Exercise directions » What is needed is an exact copy of the lines from the one containing "2023 GMC Terrain" through the last line of the records, with no pictures.

Data under study »
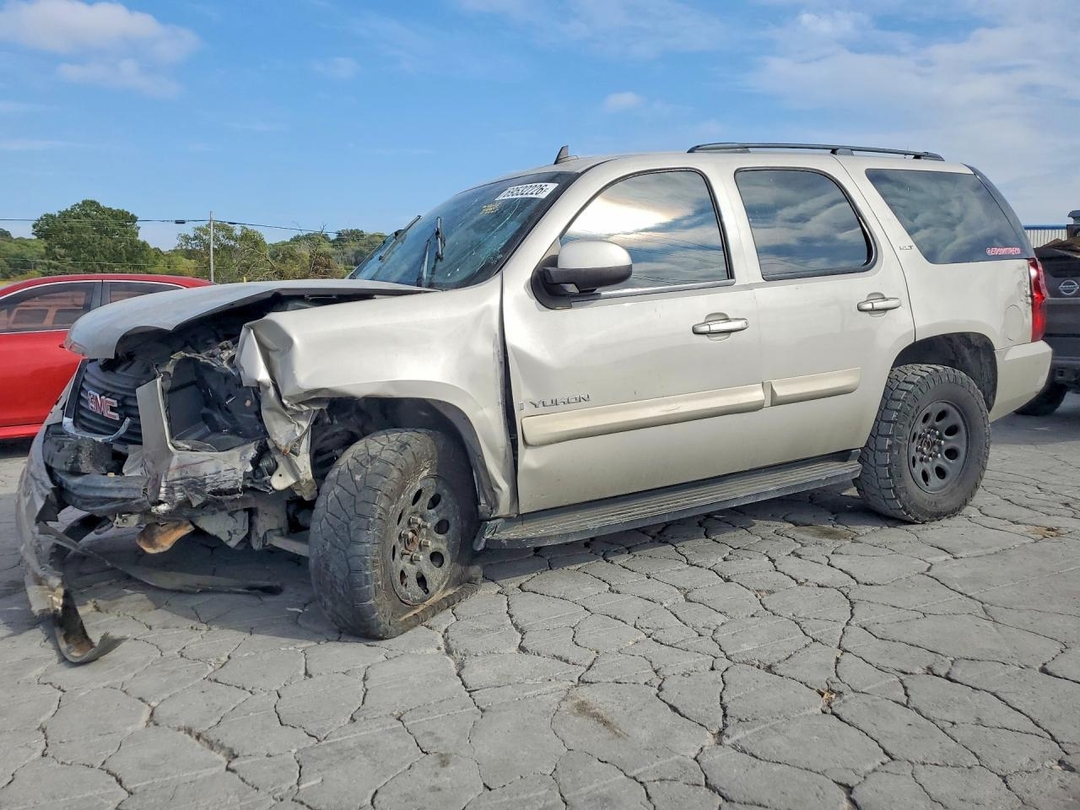 Vista de 2008 GMC YUKON, ángulo 1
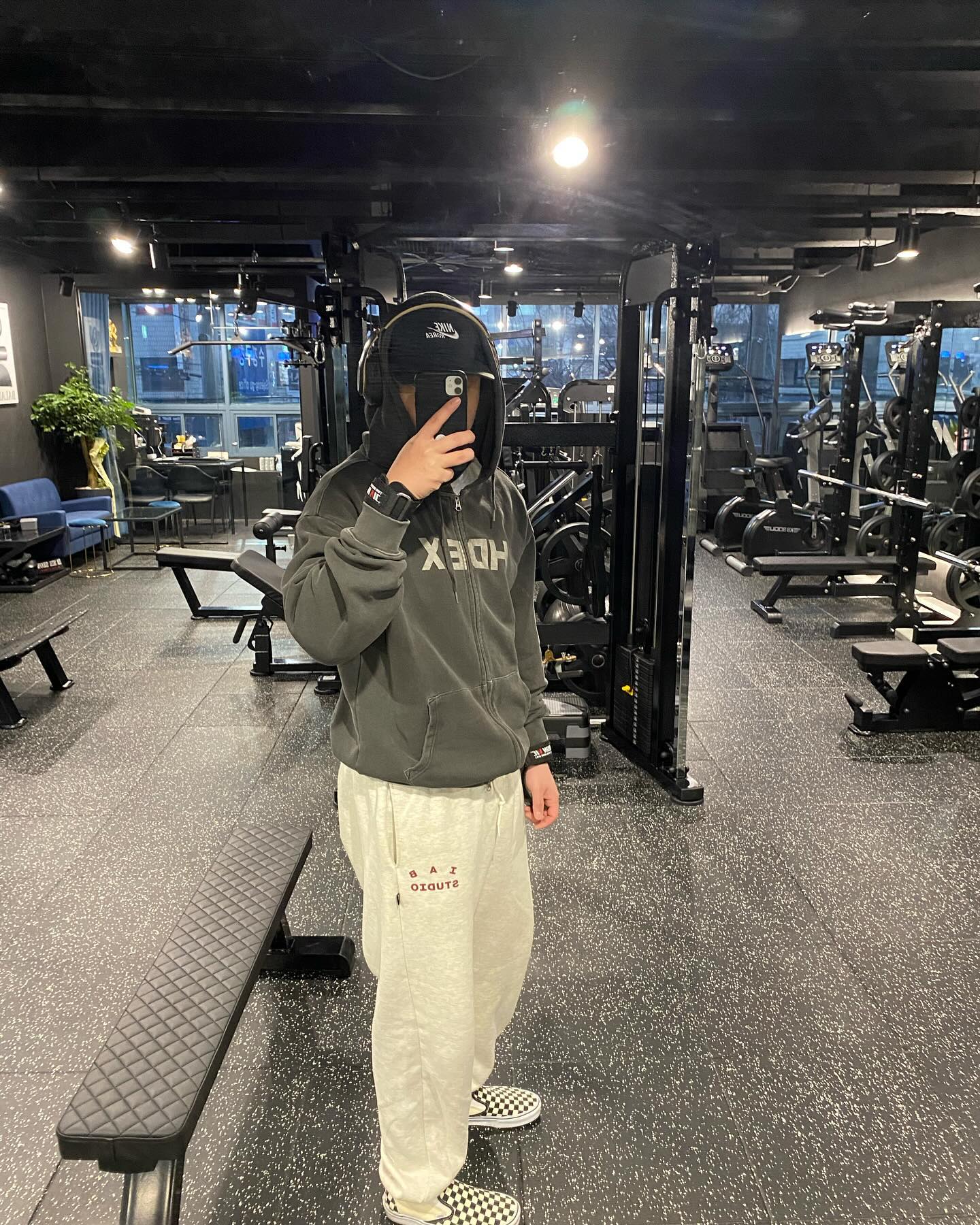 #오운완 #인클라인벤치프레스 #펙덱플라이 #시티드로우 #원암덤벨로우 #케이블트라이셉스익스텐션 #레터럴레이즈 #오운완🔥 #운동하는아빠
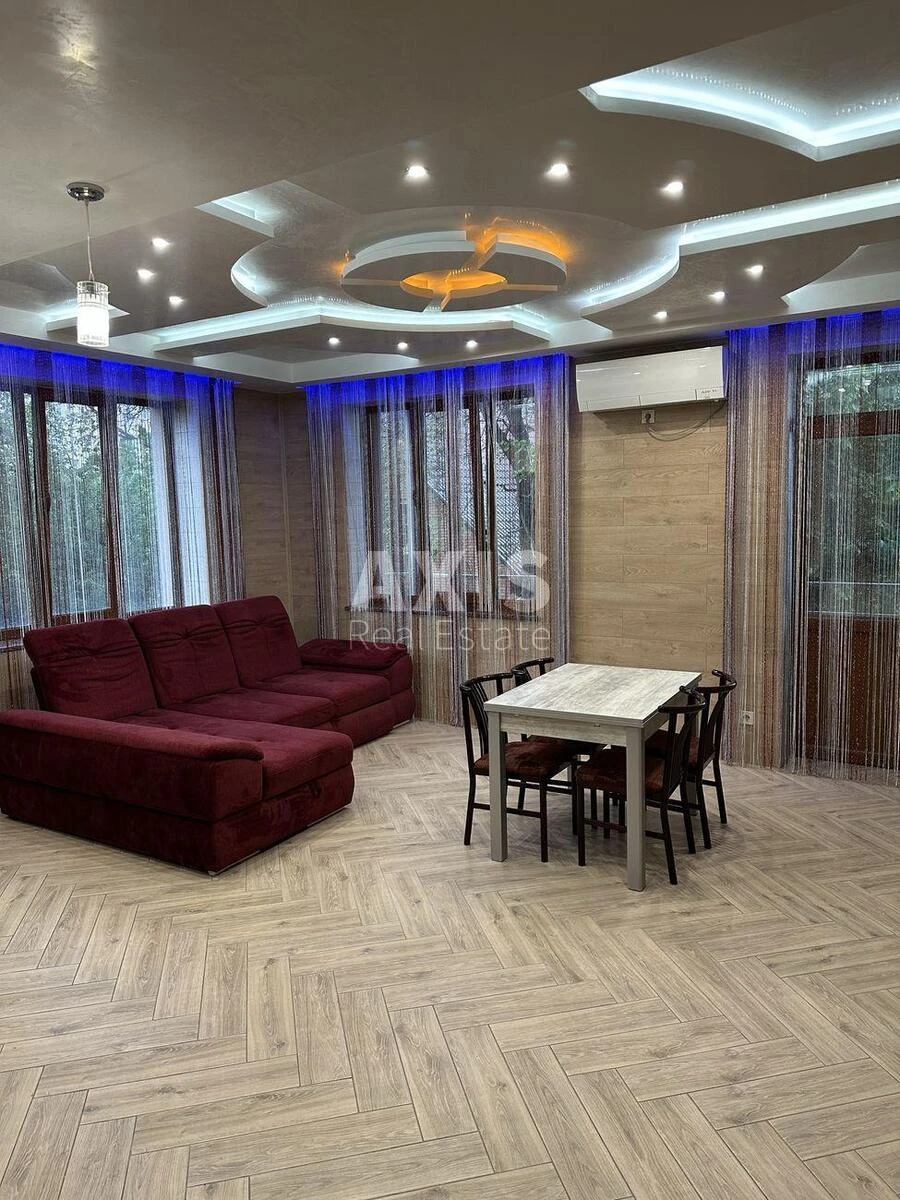 2k apartment vul. Malokytai'vs'ka 49542150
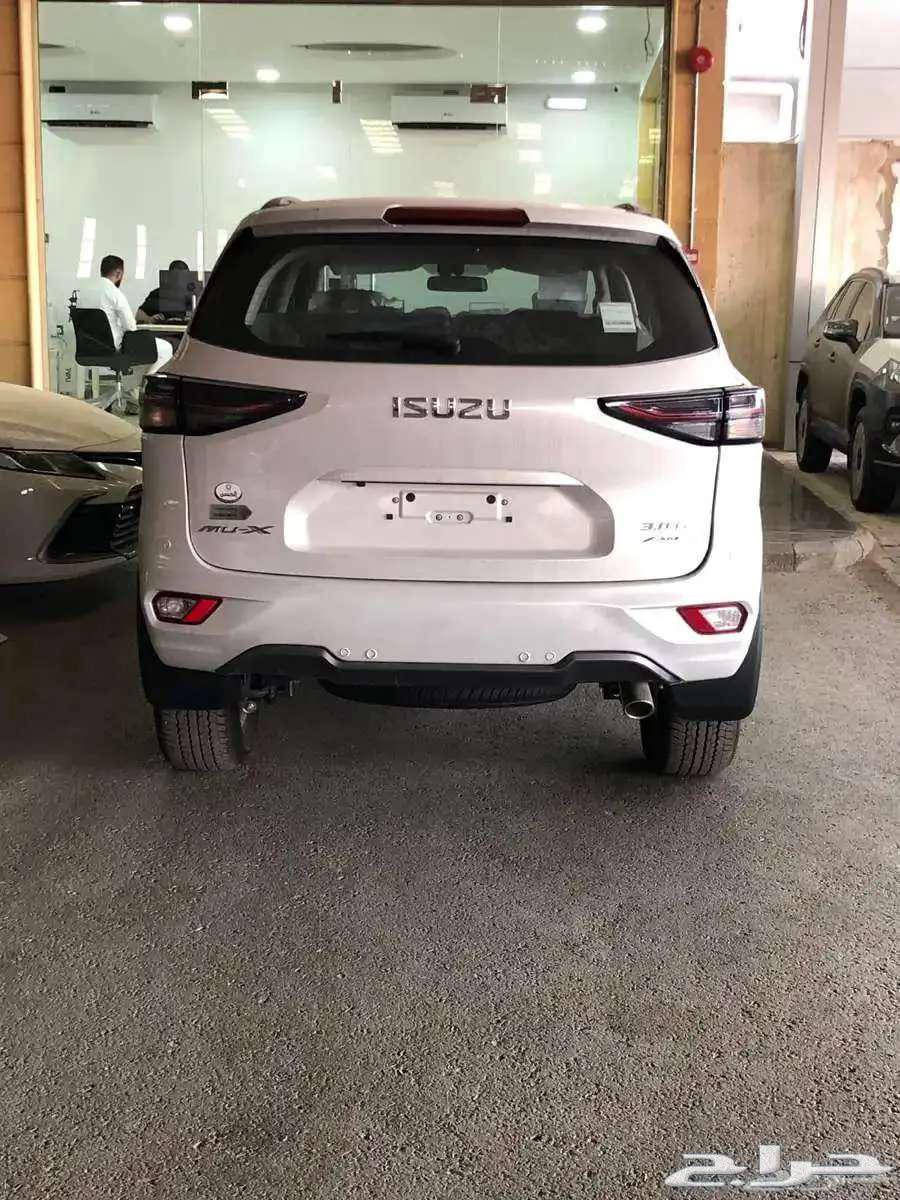 Isuzu MUX Full Option Double Diesel Saudi 2024 Installment 1850 at Al-Hasan64485806581249112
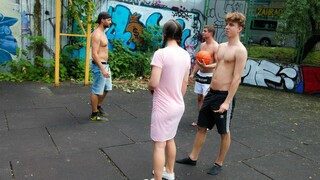 Old and young trio: Helene gets blowjob - the best porn without registration 1PORNO.NET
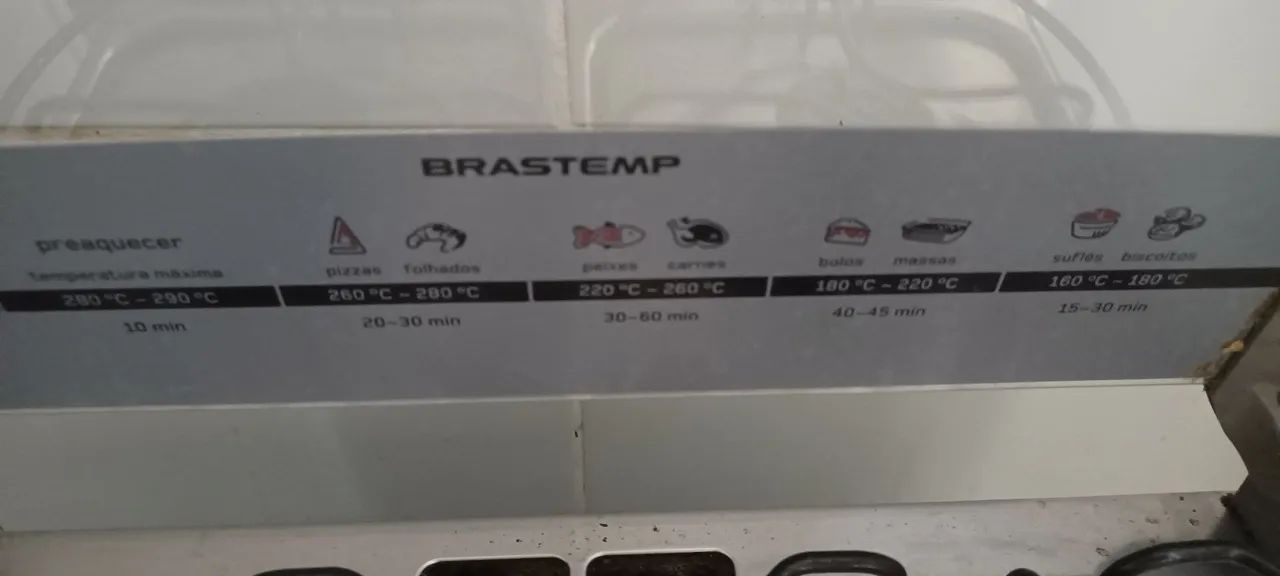 Vendo cama box solteiro com colchão valor 700 reais ZAP * - Foto 2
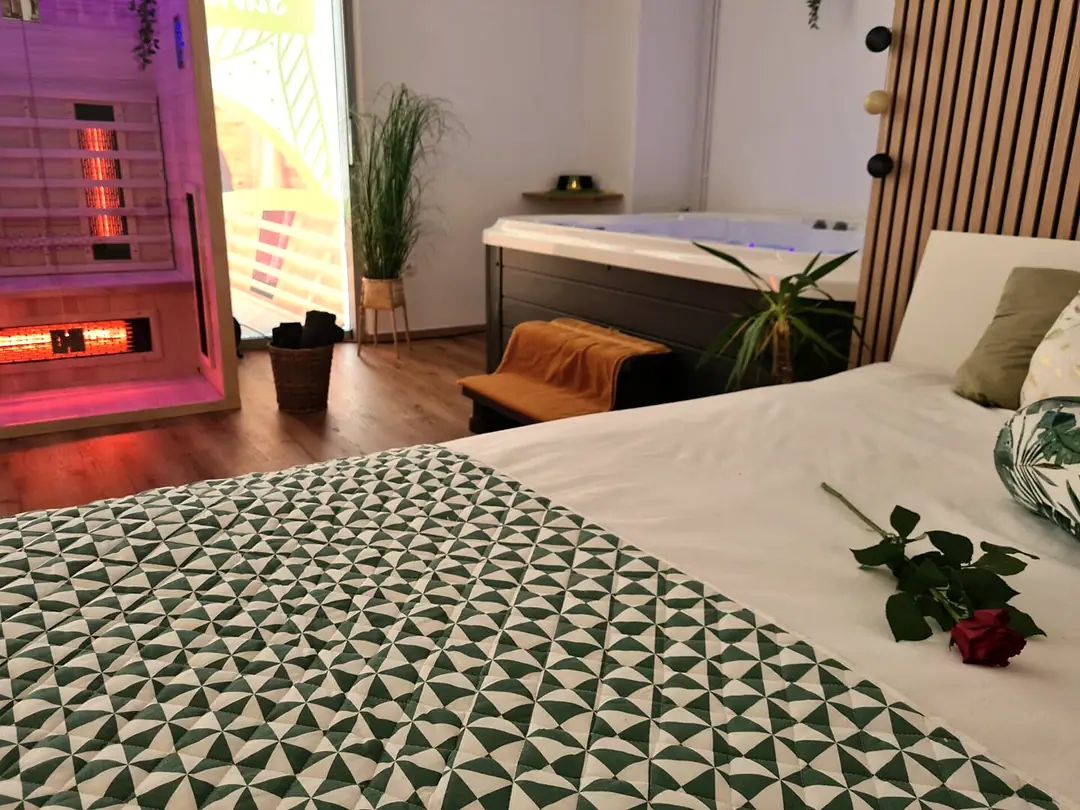 Ležišče z vrtnico, v ozadju jacuzzi in savna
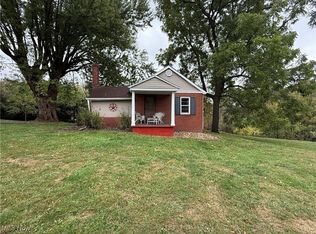 2440 Fisher Rd, East Liverpool, OH 43920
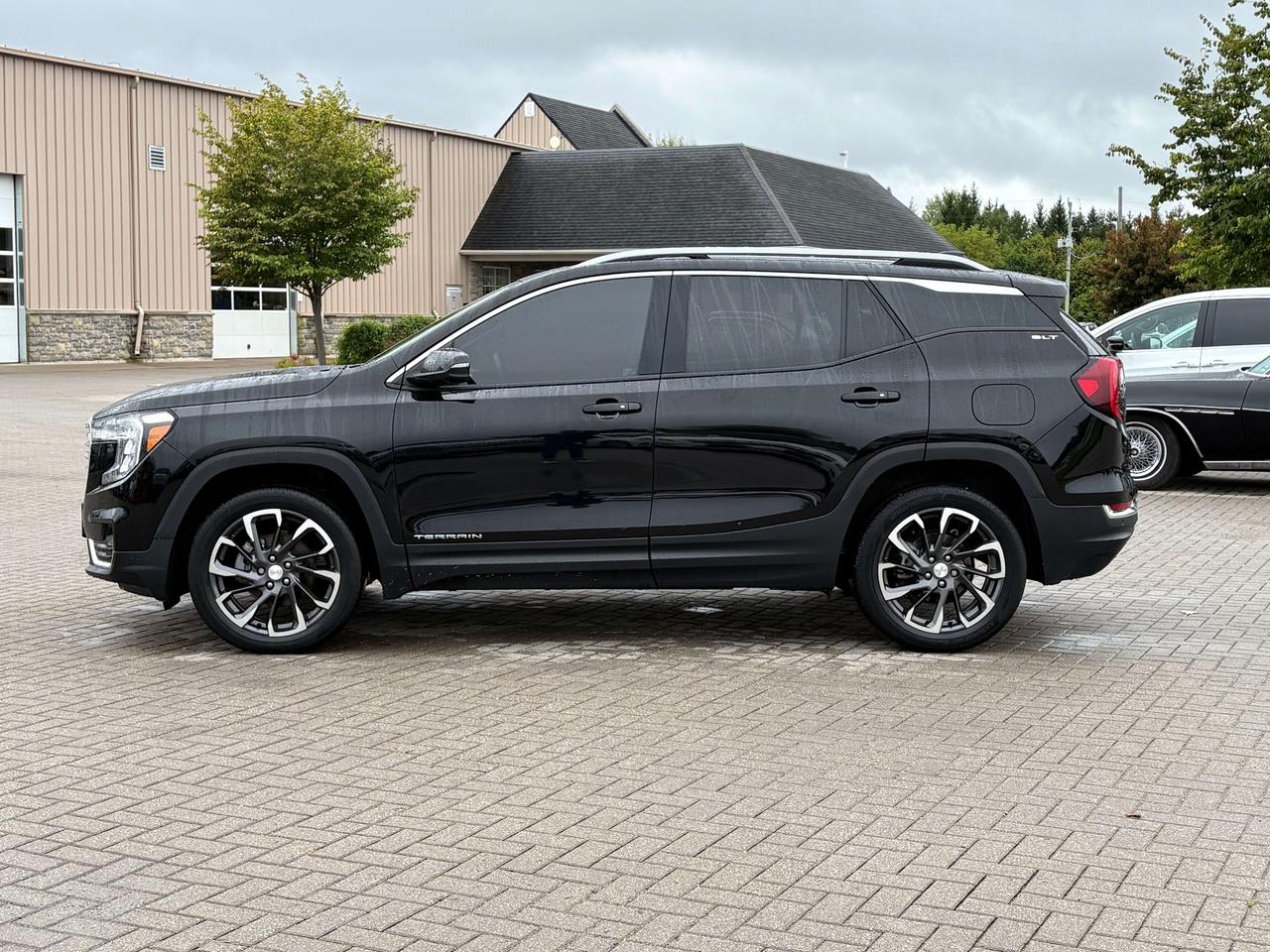 2023 GMC Terrain SLT AWD   Nav   Pano Roof   Leather   Heated Seats Photo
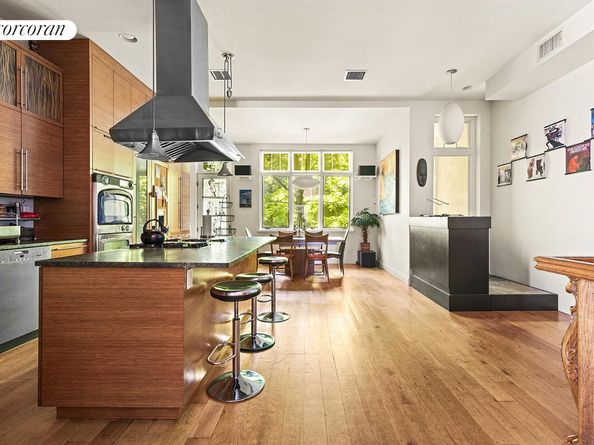 746 East 6th Street, New York NY 10009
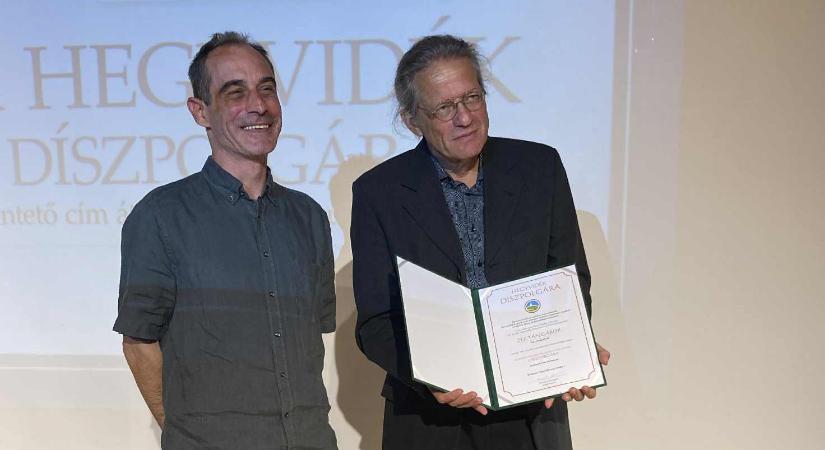 Gúnyos köszönet Orbánnak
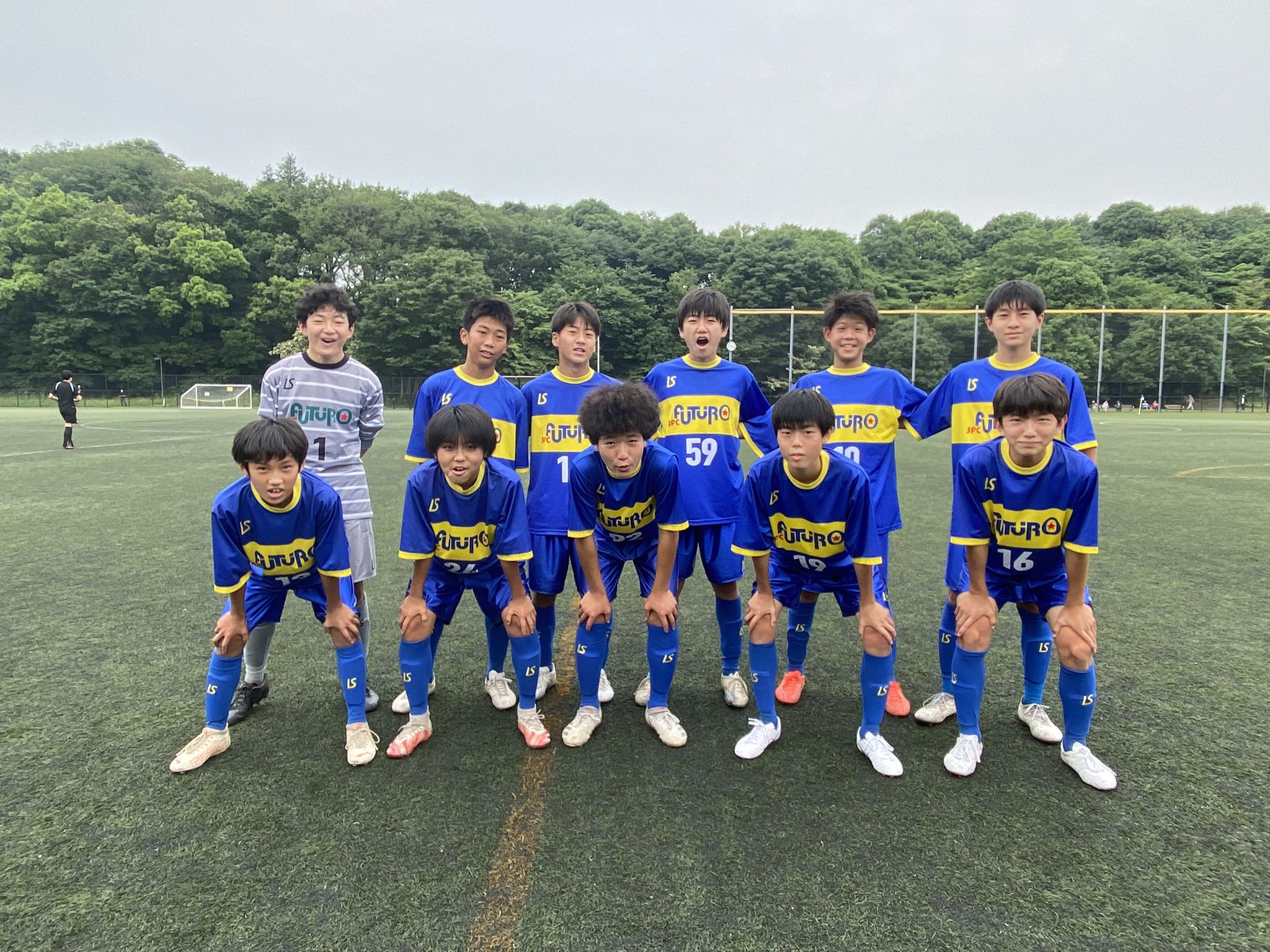 Jfc Futuro ジュニアユース10期生 U14 横浜市長旗杯決勝 Vs Fスタジオレッド 前半0 1 後半0 0 計0 1 U15から託された決勝の舞台でしたが惜しくも敗戦 準優勝という結果に終わりました 気持ちを切替えて明日のリーグ戦も闘おう T Co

Result »
 2023 GMC Terrain SLT AWD   Nav   Pano Roof   Leather   Heated Seats Photo
 746 East 6th Street, New York NY 10009
 Gúnyos köszönet Orbánnak
 Jfc Futuro ジュニアユース10期生 U14 横浜市長旗杯決勝 Vs Fスタジオレッド 前半0 1 後半0 0 計0 1 U15から託された決勝の舞台でしたが惜しくも敗戦 準優勝という結果に終わりました 気持ちを切替えて明日のリーグ戦も闘おう T Co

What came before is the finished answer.